While there, I witnessed the borking of Judge Robert Bork, President Reagan's excellent conservative nominee to the US Supreme Court. Senator Hatch was relentless in his defense both of a fine nominee and of the confirmation process, against a tsunami of lies and distortions from the left. It was not his last such battle.

After two more years in Utah, I left for graduate school in upstate New York, where I would live for nine years. By then I was well aware that some Utah Republicans despise Orrin Hatch for not being conservative enough. Believe it or not, what seemed to vex some of them most was personal, not political. They were appalled that Senator Hatch would be friendly with Senator Edward Kennedy, a liberal icon -- as if it were necessary to mistreat liberals in order to be a good conservative. Perhaps if Senator Hatch had been seen spitting on his colleague when they shared an elevator, they would have thought him conservative enough.

I've been back in Utah now for more than 14 years, and, if anything, the zealots on the right are now more numerous and less civil. In this context, consider what Peggy Noonan wrote the other day:

In a way the argument between conservatives and progressives is that for the left, everything is about politics. Because they seek to harness government and the law in pursuit of what they see as just and desirable ends, everything becomes a political fight. Conservatives fought that narrow, constricted, soulless view of life: "We are not only political, we have other spheres, we are human beings." But in their fight against liberalism and its demands, too many conservatives have unconsciously come to ape the left. They too became all politics all the time. Friendships were based on it, friendships were lost over it. "You agree with me? You're in. You don't? You're out." They became as good at ousting, excluding and anathematizing as Mensheviks and Bolsheviks, as Jacobins. As self-righteous, too, and as adept at dehumanizing the enemy.

It is not progress when you become what you hate, when you take on its sickest aspect.

It's even sicker when we anathematize and dehumanize our friends and allies. But back to my chronology, such as it is.

I mentioned my long stint in New York so that you'll appreciate that, for much of my adult life, none of my own senators was a conservative. From New York I unofficially adopted Senator Hatch as my own. I thought he represented my conservative views and values well. When he led the counterattack which narrowly saved now-Justice Clarence Thomas from his own borking (or as Thomas called it, a "high-tech lynching"), I was proud and grateful. It was a long, dirty, unpleasant job, but Senator Hatch stepped up.

Here's just one of many reasons why it mattered: Three presidential elections ago, a relatively conservative US Supreme Court reversed the Florida Supreme Court's decision to allow the Democratic Party to steal a presidential election. Part of that decision was by a 5-to-4 majority -- as narrow a victory as it could possibly be.

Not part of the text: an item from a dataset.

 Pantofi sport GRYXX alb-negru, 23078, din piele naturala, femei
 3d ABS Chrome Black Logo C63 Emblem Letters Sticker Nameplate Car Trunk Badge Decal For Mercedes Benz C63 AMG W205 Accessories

Since then, Senator Hatch has helped some other fine conservative judges join the US Supreme Court. The names John Roberts and Samuel Alito come to mind. This became especially important in 2009, when President Obama took office with Democratic majorities in both houses of Congress. This left the US Supreme Court as the most conservative force in our national government and the only significant structural restraint on the social democratic excesses enacted by Congress and the Obama administration. (I wonder: If the Court overturns ObamaCare this year, will any of Hatch's opponents suspend their animosity long enough to thank him for his role in our having a conservative Court? If they're the fine sort of people they think they are, they will.)

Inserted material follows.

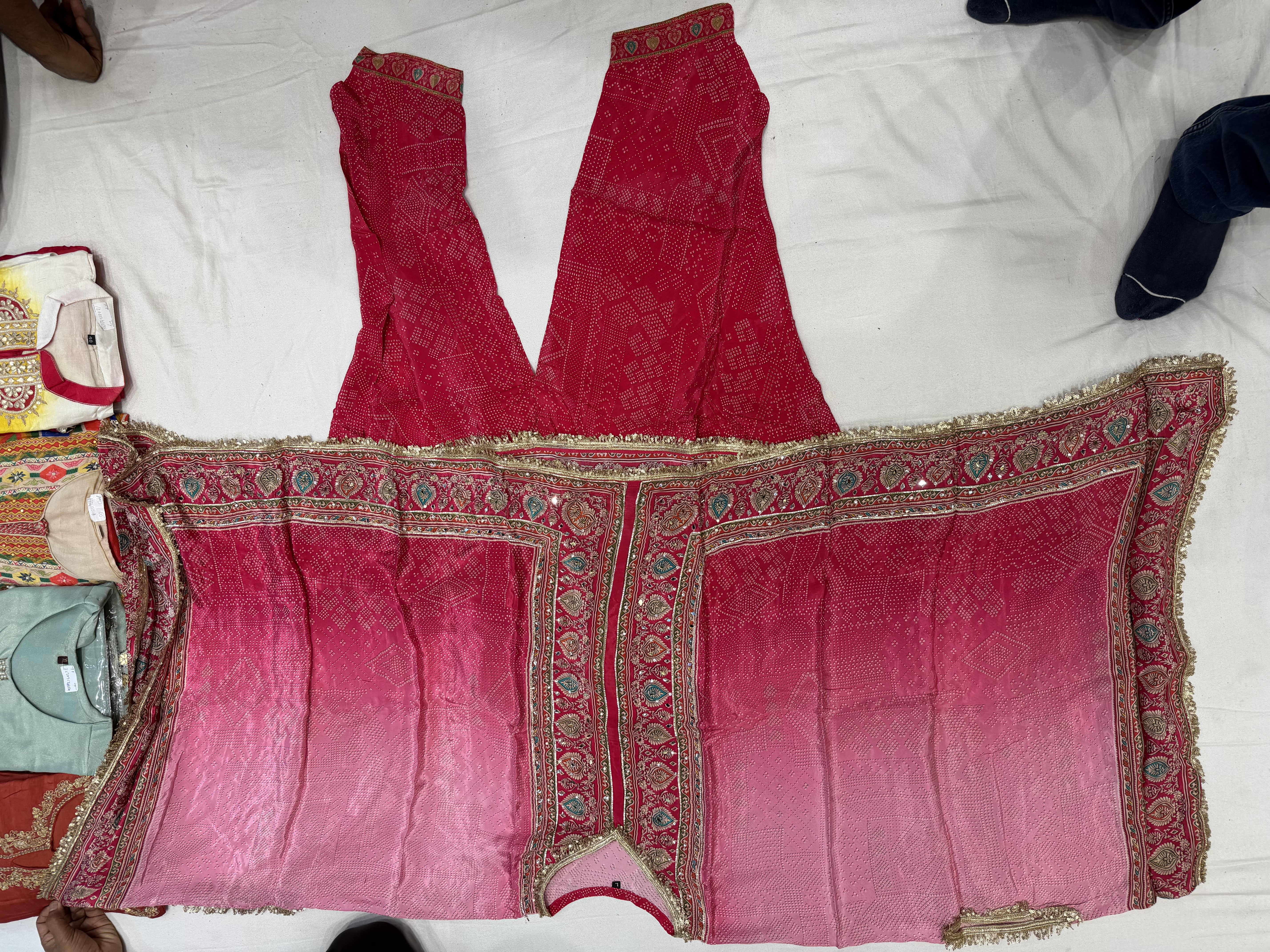Pink Embroidered Kaftan with Dhoti Pants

My vote this year is Orrin Hatch's to lose, and I don't see anyone in this year's rather weak field of challengers to whom he is likely to lose it (of which more later). I like having him as my US senator. He is an able, influential, intelligent conservative -- a conservative by any reasonable definition. I value his experience and his seniority, both of which matter a great deal more in the Senate than most people realize, and more than his opponents are willing to acknowledge.

Since he seems willing to continue for another term, I will happily work and vote to keep him there.